The following description of the embodiments of the present utility model will be made clearly and completely with reference to the accompanying drawings, in which it is apparent that the embodiments described are only some embodiments of the present utility model, but not all embodiments. All other embodiments, which can be made by those skilled in the art based on the embodiments of the utility model without making any inventive effort, are intended to be within the scope of the utility model.
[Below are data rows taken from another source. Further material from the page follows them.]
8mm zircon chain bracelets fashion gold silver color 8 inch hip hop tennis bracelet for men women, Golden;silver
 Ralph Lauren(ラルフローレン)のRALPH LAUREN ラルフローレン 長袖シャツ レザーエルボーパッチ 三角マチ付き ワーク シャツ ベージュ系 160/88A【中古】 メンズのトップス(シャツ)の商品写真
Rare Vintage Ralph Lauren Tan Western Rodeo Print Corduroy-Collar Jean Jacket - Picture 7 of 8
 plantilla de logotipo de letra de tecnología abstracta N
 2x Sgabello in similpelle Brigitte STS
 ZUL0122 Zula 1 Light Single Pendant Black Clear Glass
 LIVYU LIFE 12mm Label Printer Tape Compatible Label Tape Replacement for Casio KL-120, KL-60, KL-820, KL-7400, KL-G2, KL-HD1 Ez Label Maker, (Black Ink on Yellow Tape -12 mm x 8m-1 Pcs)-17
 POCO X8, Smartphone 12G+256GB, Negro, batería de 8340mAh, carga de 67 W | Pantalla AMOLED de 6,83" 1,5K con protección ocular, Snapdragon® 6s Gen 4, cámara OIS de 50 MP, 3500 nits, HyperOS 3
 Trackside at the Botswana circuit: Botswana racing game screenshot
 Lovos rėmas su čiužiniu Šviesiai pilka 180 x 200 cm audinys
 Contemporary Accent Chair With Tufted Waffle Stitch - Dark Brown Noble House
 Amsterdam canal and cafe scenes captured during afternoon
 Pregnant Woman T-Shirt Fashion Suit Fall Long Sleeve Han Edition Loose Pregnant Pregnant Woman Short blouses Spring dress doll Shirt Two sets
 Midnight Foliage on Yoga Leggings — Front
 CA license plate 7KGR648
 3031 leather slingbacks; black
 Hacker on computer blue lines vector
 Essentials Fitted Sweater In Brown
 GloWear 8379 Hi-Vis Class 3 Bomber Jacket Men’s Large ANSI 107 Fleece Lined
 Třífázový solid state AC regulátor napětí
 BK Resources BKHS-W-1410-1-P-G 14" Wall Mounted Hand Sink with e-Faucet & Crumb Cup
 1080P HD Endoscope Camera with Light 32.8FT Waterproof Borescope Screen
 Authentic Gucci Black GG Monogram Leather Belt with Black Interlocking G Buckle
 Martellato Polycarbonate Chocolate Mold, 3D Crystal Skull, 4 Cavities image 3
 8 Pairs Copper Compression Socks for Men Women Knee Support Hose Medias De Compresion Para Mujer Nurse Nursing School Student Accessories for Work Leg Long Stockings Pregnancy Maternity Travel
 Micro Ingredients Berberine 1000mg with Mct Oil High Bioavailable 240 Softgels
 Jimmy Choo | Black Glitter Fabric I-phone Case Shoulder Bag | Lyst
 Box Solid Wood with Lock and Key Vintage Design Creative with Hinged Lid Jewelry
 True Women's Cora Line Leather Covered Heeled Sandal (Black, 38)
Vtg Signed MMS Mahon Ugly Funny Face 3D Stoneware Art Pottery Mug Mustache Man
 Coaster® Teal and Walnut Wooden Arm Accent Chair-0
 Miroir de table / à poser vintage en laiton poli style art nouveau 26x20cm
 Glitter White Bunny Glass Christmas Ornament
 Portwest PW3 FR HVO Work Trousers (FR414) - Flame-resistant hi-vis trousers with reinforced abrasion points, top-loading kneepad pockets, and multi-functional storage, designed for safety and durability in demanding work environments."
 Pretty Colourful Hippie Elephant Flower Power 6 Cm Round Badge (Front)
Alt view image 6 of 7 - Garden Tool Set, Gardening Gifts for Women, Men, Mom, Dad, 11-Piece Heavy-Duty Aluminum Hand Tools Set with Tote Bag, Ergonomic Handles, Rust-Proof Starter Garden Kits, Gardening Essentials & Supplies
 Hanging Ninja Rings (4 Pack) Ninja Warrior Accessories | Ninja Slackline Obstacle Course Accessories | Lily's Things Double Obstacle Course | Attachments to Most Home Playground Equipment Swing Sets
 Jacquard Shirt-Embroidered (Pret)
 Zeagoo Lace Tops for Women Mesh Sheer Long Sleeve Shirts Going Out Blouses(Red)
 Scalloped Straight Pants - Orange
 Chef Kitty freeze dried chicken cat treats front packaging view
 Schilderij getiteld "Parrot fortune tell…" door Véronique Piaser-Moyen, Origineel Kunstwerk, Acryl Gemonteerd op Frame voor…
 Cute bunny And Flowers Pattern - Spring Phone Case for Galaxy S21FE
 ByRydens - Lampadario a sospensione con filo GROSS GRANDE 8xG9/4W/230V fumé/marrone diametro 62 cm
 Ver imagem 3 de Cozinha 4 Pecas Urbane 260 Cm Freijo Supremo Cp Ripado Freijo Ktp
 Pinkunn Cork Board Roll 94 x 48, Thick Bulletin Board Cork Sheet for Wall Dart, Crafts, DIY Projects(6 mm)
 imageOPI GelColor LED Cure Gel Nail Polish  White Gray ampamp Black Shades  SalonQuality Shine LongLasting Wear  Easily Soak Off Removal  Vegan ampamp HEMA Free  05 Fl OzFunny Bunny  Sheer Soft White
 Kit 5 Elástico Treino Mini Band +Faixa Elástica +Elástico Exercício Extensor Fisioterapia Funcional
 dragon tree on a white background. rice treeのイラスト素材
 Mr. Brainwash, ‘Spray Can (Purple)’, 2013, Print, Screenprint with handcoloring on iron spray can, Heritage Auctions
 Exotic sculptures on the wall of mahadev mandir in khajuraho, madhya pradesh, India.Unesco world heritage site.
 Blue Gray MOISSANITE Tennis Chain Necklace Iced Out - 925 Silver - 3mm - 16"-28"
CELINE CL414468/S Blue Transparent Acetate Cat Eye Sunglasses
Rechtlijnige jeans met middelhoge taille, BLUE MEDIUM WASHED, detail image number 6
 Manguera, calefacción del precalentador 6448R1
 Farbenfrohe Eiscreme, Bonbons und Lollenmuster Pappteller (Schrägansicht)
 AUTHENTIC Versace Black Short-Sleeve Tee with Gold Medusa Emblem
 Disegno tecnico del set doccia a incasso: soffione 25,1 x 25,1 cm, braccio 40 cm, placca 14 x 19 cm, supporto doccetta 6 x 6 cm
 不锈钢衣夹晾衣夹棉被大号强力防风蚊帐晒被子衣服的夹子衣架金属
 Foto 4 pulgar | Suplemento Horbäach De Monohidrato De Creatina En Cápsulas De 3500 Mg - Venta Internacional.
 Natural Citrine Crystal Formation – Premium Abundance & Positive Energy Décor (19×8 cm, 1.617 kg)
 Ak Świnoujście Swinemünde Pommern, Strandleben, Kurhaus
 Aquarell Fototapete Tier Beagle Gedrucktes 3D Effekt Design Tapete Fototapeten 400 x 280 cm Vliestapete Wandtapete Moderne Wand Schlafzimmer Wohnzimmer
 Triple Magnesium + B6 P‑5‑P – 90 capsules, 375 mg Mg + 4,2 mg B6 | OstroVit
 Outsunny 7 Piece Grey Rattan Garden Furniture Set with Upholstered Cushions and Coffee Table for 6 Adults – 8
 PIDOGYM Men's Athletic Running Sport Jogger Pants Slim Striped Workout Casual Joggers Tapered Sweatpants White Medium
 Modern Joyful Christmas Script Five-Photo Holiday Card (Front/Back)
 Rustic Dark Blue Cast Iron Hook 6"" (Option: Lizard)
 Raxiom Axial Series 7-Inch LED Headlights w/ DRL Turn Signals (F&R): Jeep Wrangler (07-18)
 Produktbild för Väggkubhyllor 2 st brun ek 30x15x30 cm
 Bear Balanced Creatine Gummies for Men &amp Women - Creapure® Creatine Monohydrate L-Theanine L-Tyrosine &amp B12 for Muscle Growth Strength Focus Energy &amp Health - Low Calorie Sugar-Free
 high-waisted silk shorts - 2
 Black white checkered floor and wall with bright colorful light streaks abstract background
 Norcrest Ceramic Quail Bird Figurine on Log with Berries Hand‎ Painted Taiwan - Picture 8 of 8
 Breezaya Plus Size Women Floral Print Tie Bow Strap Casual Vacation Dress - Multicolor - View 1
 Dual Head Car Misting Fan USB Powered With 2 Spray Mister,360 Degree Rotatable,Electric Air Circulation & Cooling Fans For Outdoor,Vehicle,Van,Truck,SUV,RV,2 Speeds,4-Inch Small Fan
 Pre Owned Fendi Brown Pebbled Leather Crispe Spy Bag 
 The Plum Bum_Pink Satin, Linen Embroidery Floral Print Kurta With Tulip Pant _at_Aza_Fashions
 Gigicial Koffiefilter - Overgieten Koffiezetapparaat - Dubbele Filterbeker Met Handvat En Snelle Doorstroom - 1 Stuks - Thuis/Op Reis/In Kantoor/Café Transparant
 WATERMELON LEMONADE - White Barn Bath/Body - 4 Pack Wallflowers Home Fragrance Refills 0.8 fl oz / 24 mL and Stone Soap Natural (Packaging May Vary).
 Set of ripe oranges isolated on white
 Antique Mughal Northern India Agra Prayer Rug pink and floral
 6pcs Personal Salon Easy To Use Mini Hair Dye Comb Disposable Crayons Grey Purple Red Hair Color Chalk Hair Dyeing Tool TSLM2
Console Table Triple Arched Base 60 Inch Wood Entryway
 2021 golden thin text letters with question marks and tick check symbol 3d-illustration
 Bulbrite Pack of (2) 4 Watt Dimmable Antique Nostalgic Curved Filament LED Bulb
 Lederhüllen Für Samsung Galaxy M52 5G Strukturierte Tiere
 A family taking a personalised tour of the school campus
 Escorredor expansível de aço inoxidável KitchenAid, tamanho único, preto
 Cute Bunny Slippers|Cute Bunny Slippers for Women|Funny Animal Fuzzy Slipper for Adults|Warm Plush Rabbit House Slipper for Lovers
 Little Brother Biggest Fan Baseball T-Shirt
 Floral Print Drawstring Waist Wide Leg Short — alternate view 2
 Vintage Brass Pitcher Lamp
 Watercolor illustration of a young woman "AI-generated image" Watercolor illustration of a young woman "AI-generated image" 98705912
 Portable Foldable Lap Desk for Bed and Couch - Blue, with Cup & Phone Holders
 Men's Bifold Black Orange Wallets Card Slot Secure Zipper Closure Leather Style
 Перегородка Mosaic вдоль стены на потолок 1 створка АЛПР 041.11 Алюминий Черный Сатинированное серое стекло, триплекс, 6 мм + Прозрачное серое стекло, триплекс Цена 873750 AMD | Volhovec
As shown in fig. 1-2, the present utility model provides a technical solution: a methane tank based on livestock manure fermentation comprises a closed fermentation tank 1, wherein a partition wall 2 is arranged in the fermentation tank 1, the partition wall 2 divides the fermentation tank 1 into an aerobic fermentation tank 3 and an anaerobic fermentation tank 4 from outside to inside, and the aerobic fermentation tank 3 and the anaerobic fermentation tank 4 are communicated at the top position.

As shown in FIG. 1, a feed hopper 5 is arranged at the top of the fermentation tank 1, and the feed hopper 5 is communicated with the aerobic fermentation tank 3.

As shown in fig. 1-2, a motor 6 is installed in the center of the top of the fermentation tank 1, the output end of the motor 6 is coaxially fixed with a stirring shaft 7 movably installed at the top of the inner wall of the fermentation tank 1, a first stirring blade 8 is installed at the outer side of the stirring shaft 7, a second stirring blade 9 is installed at the inner side of the stirring shaft, the first stirring blade 8 and the second stirring blade 9 are respectively positioned in the aerobic fermentation tank 3 and the anaerobic fermentation tank 4, and the first stirring blade 8 and the second stirring blade 9 are separated by a partition wall 2.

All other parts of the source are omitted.